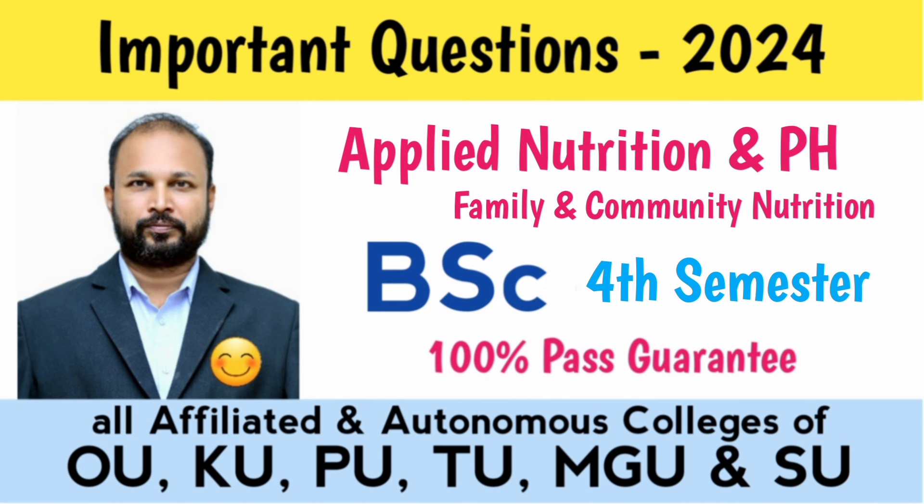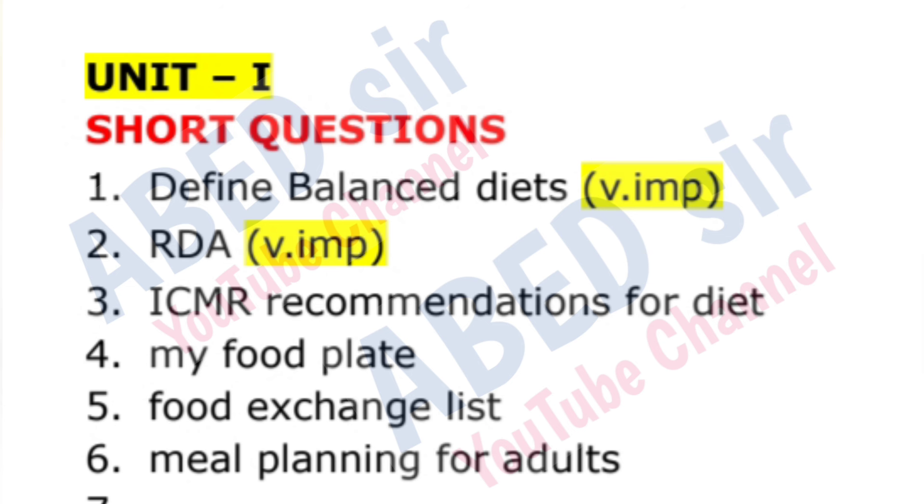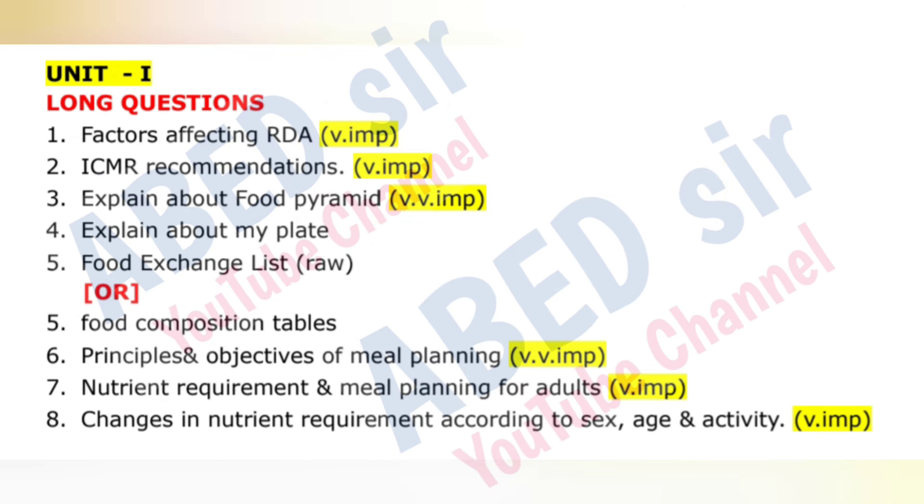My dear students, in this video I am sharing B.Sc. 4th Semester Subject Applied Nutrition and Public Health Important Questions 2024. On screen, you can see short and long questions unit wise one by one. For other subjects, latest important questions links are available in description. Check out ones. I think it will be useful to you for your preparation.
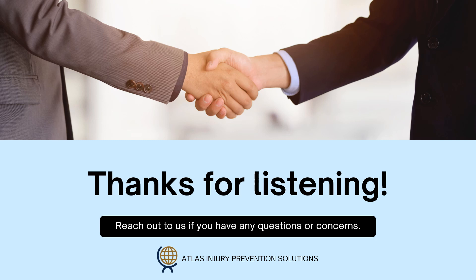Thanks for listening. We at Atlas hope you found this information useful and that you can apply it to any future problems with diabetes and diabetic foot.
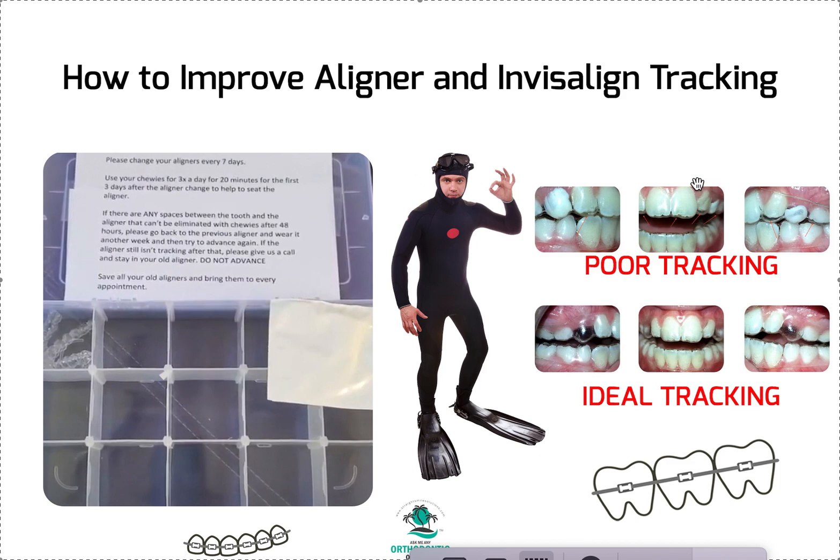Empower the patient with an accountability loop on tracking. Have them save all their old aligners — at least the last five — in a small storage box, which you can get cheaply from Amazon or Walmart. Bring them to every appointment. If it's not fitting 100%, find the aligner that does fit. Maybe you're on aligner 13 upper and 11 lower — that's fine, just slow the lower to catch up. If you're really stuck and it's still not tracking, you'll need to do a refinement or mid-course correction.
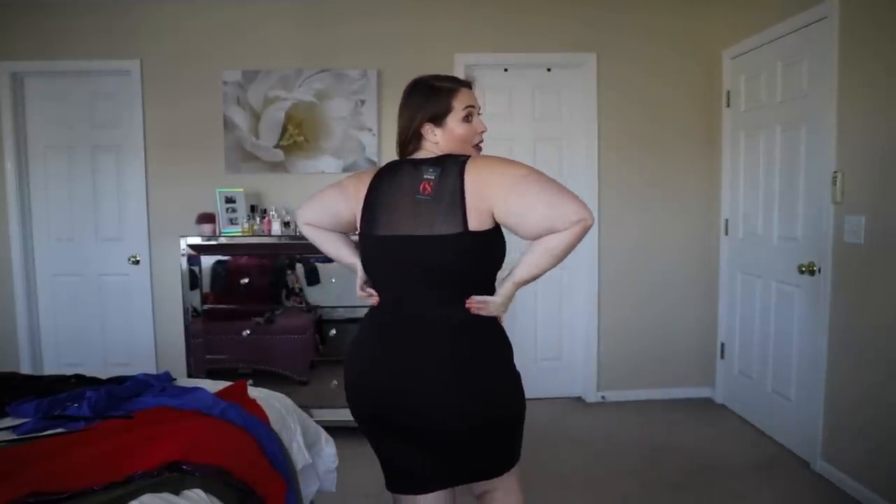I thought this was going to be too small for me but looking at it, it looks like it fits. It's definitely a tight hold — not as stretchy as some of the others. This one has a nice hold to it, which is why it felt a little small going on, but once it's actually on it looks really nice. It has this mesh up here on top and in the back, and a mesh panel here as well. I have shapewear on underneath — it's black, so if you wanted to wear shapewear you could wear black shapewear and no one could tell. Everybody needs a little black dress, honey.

Exercise description :: This exercise asks for an exact copy of the lines from the first one in the data through the line that contains "Thanks for listening.", pictures excluded.

Task output ::
My dear students, in this video I am sharing B.Sc. 4th Semester Subject Applied Nutrition and Public Health Important Questions 2024. On screen, you can see short and long questions unit wise one by one. For other subjects, latest important questions links are available in description. Check out ones. I think it will be useful to you for your preparation.
Thanks for listening. We at Atlas hope you found this information useful and that you can apply it to any future problems with diabetes and diabetic foot.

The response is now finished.